Bibliographic title
Eutopia in Ada, or the Aesthetic Reconfiguration of Twentieth-Century Political History: Nabokov’s souci d’eau against Vladimir Lenin’s Electricity
Abstract
Agnès Edel-Roy (Université de Paris-Est Créteil) contributes an essay, “Eutopia in Ada, or the Aesthetic Reconfiguration of Twentieth-Century Political History: Vladimir Nabokov’s souci d’eau against Vladimir Lenin’s Electricity,” where she argues that, in Ada, the testing of the values of art emerges by way of the aesthetic proposal for a reconfiguration of political history in which electricity and water clash.

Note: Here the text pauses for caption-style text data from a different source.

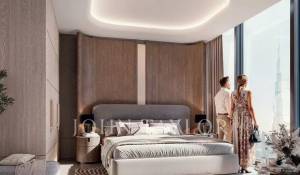 Vendita Appartamento Business Bay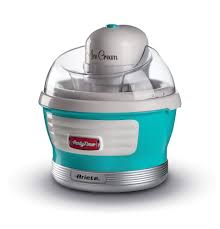 Ariete Ice Cream Maker Blue 643/01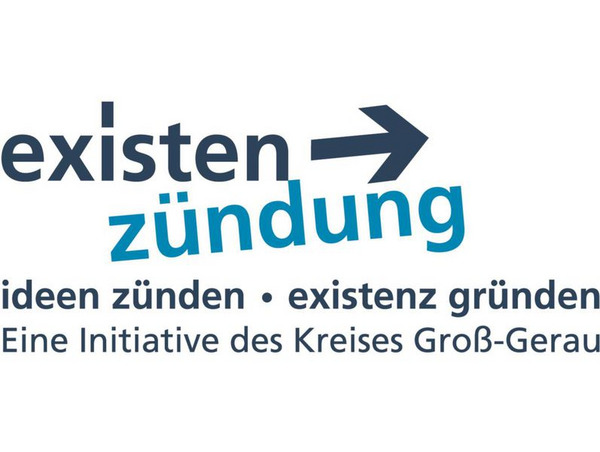 ExistenZündung Logo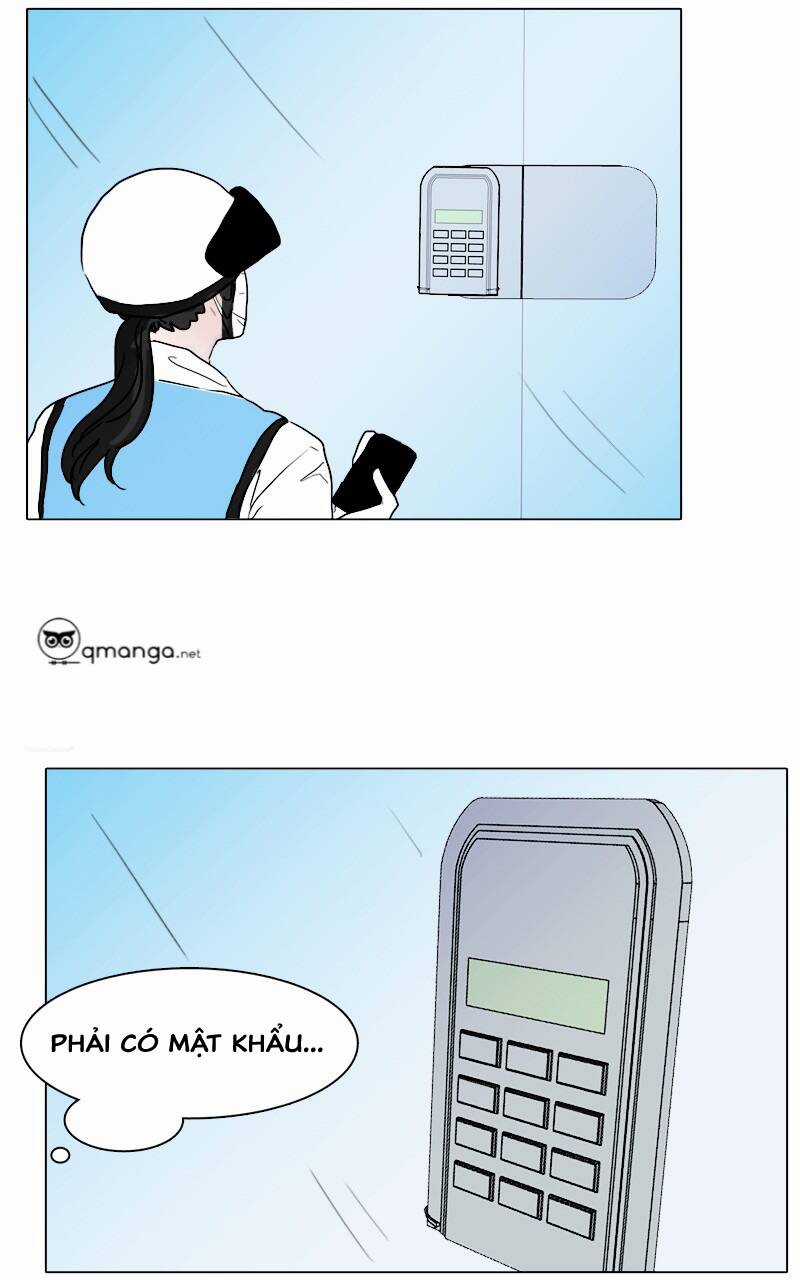 Sau Ánh Hào Quang Chương 12 trang 44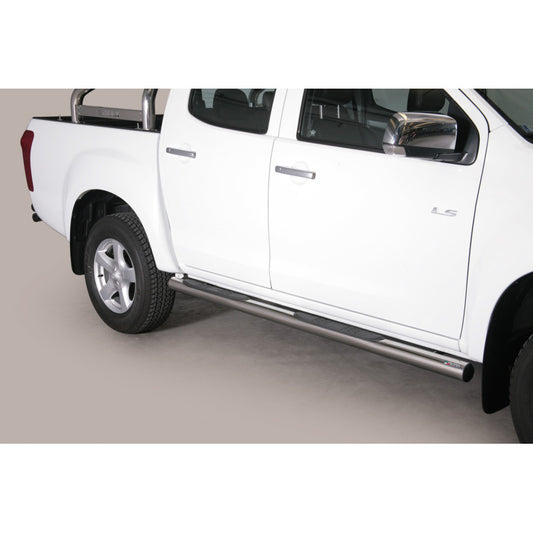 Pragovi Misutonida Isuzu D-Max 2012-2020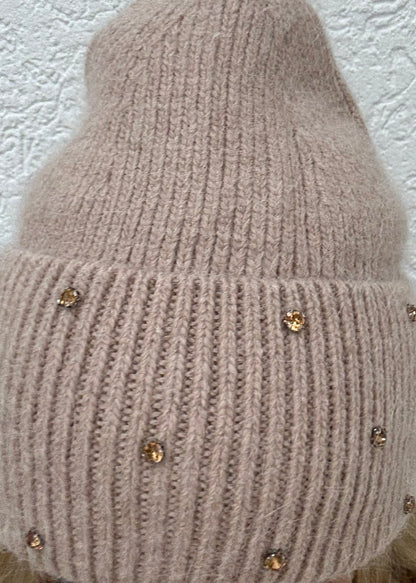 Mütze „Sparkle“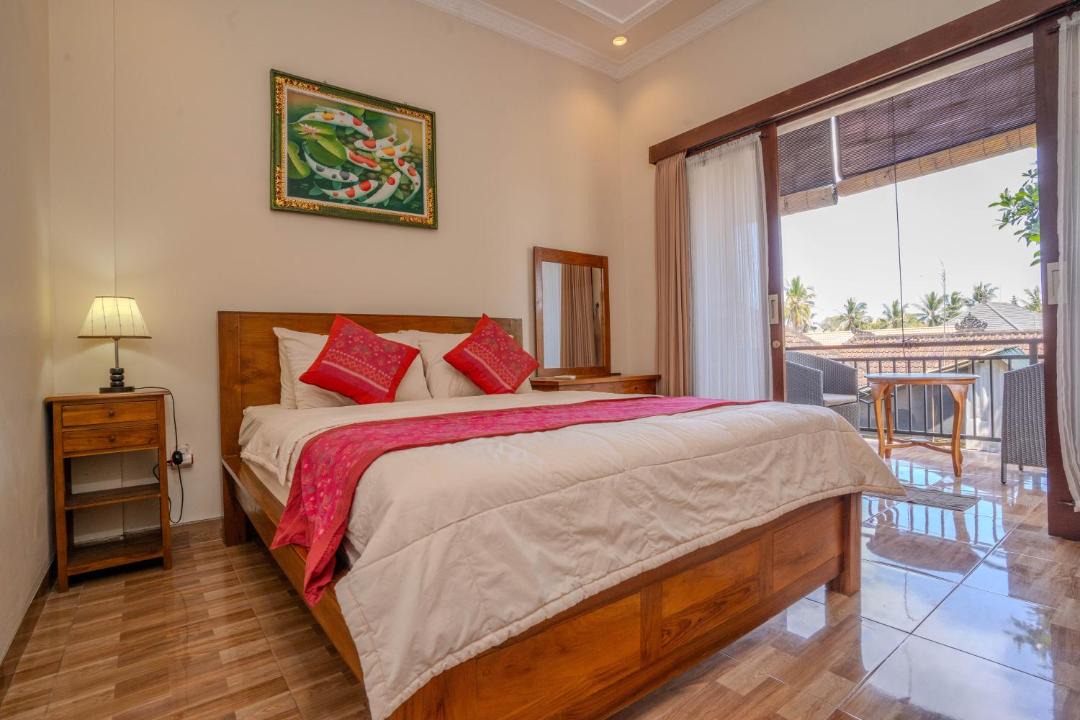 Photo of Bedroom in Kedewatan
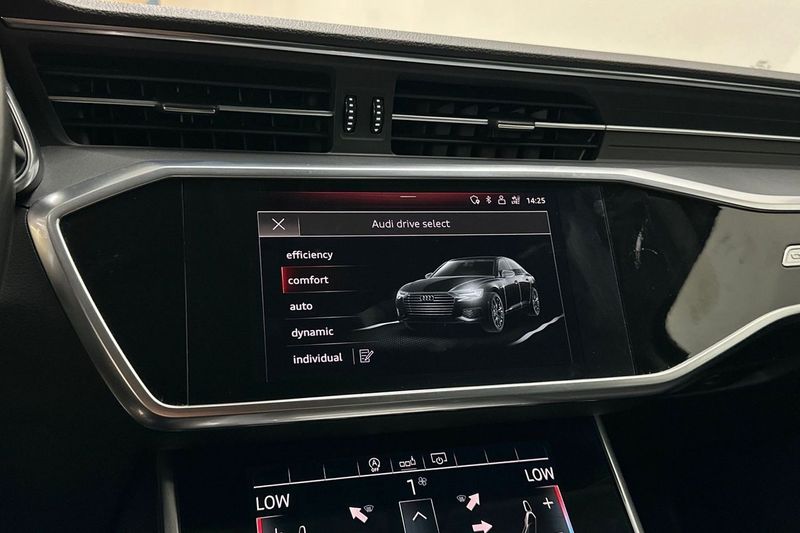 Audi A6 bild 20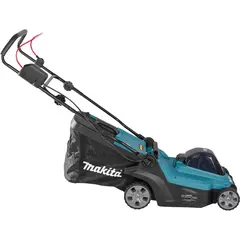Аккумуляторная газонокосилка Makita LM003GM103
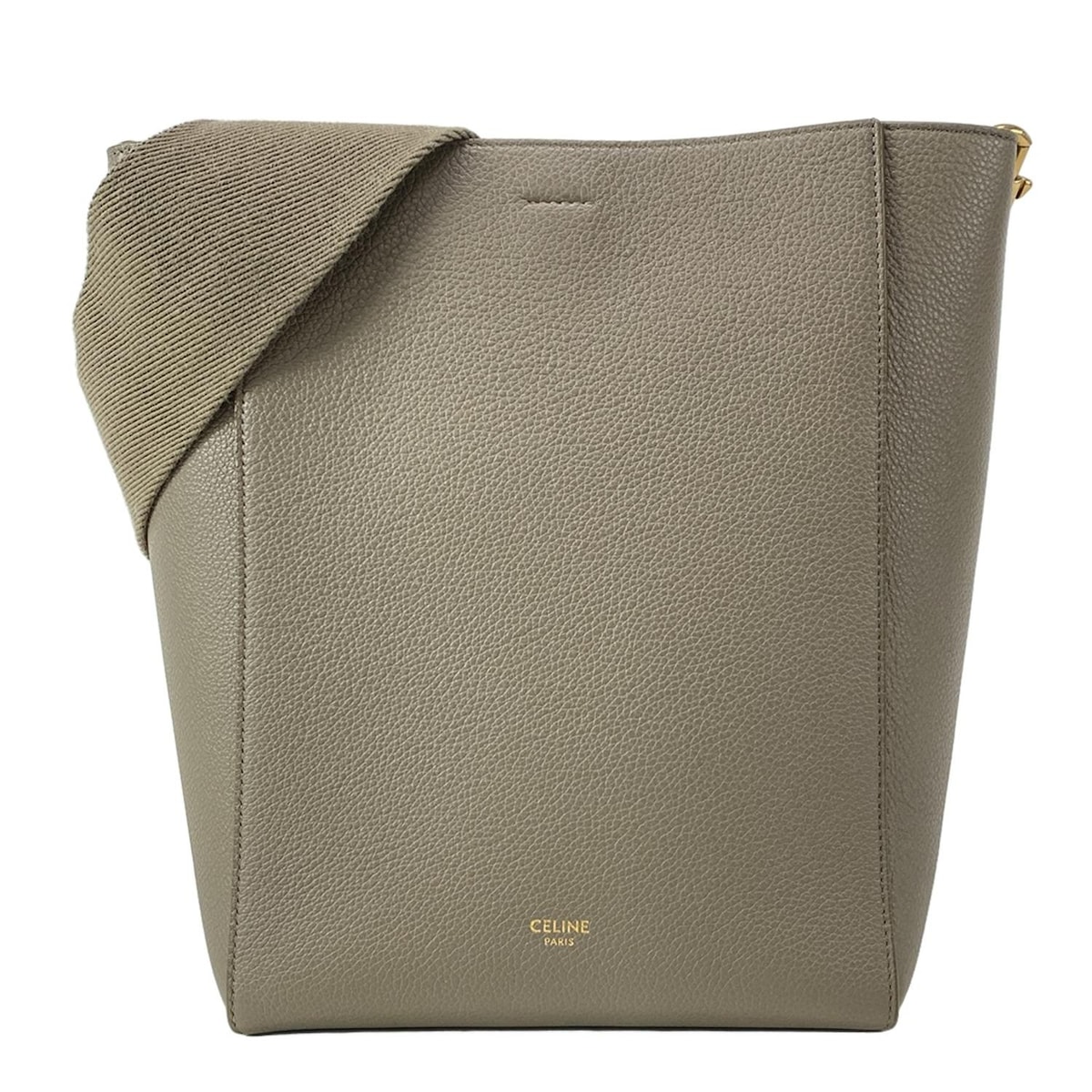 楽天市場】CELINE セリーヌ スモール バケット バッグ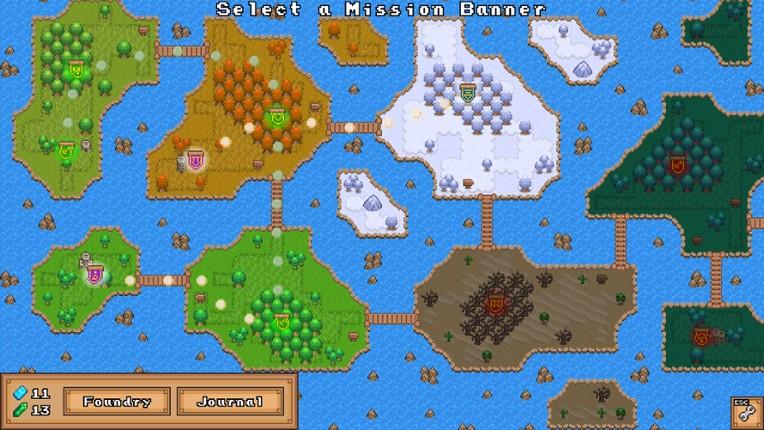 Dawnhold Image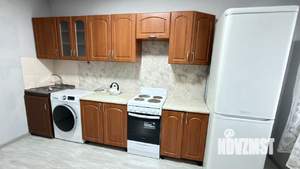 2-к квартира, на длительный срок, 56м2, 6/16 этаж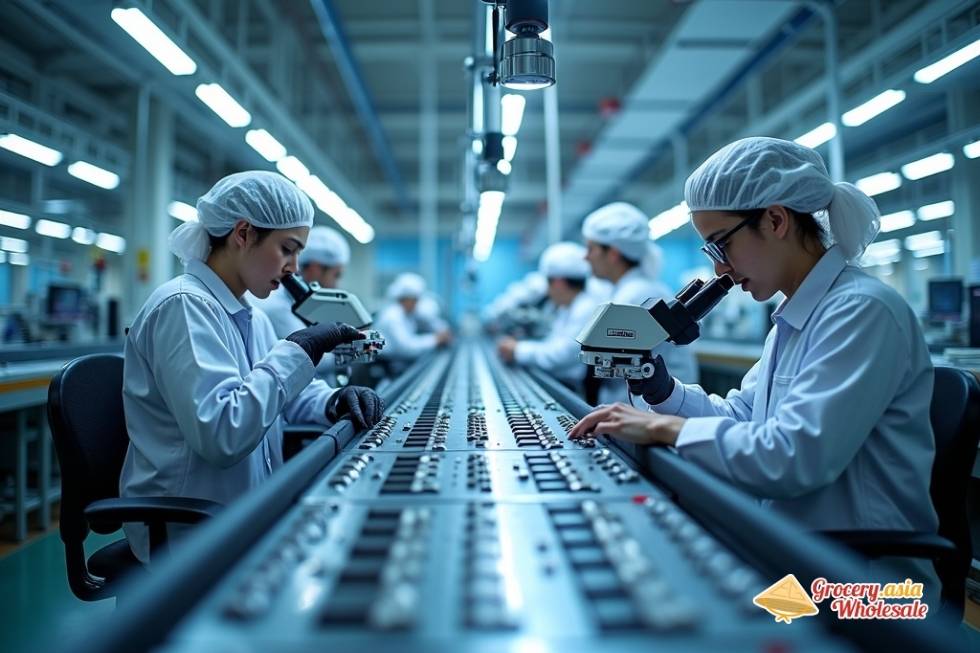 Glade Wholesale industry insight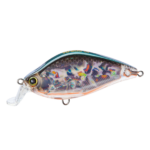 yo zuri 3ds flat crank floating 55 mm 8 g tsvyat bg f1161 bg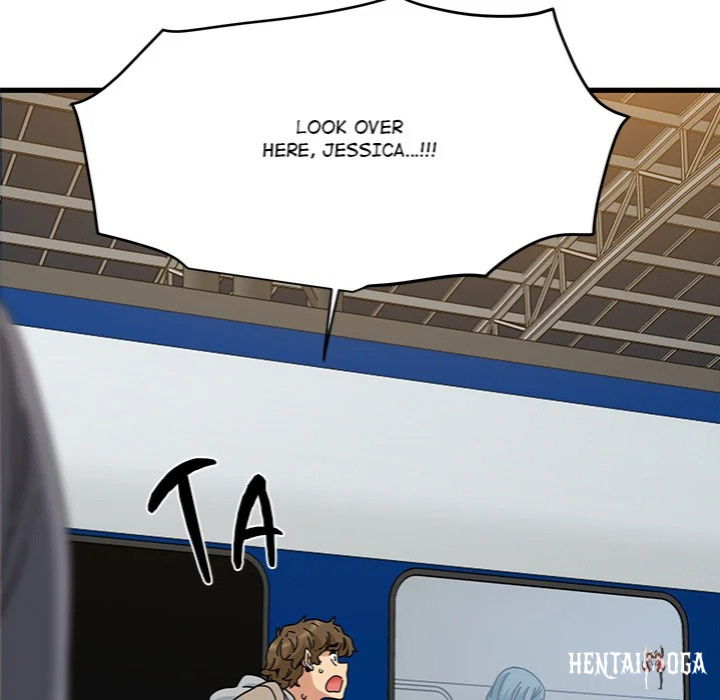 A Turning Point A Turning Point Chapter 106 - Page 166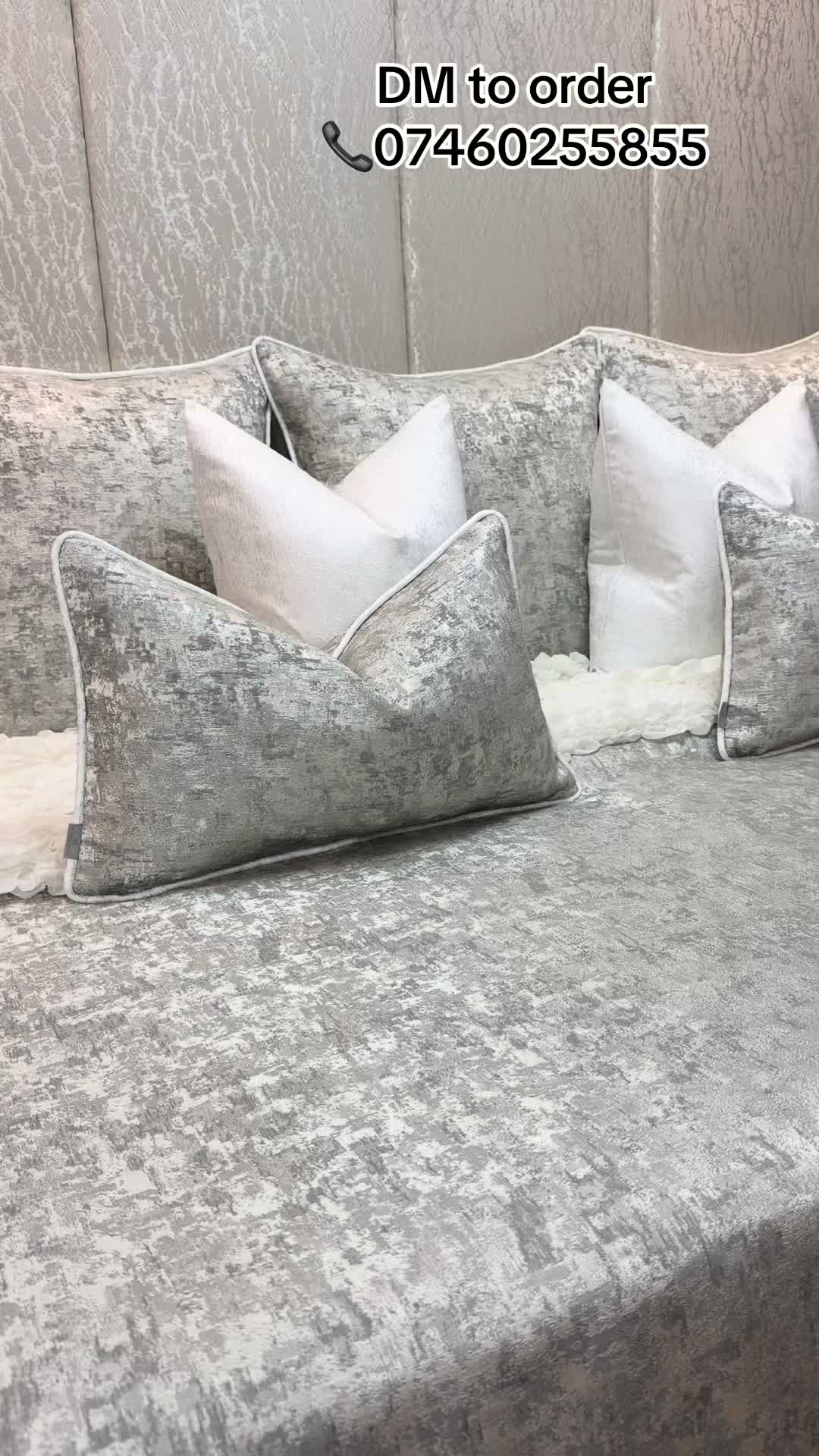 @Soft Furnishings Blackburn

In Vladimir Nabokov’s novel, Ada, or Ardor (1969), Eutopia means the “good place”, that is “a place of felicity where all is well” (Abensour). For Edel-Roy, this question is related to the question of the power of authentic art in its confrontation with the ideologies of the twentieth century (including Leninism) and their consequences on individual freedom. She proposes to interpret the banning of electricity on Antiterra as the manifestation of Nabokov's anti-determinism and anti-Leninism. Their replacement by water signifies the writer’s aesthetic resistance, emblematised by a Rimbaldian and Nabokovian wild flower, the souci d’eau. In connection with Nabokov’s beloved plot of land and the river Oredezh of his Russian past, water, omnipresent in Ada, might be conceived as a eutopic current that dissolves fixed representations and symbolizes the confidence in the ability of authentic art to restore a vivid and vital communication between individuals.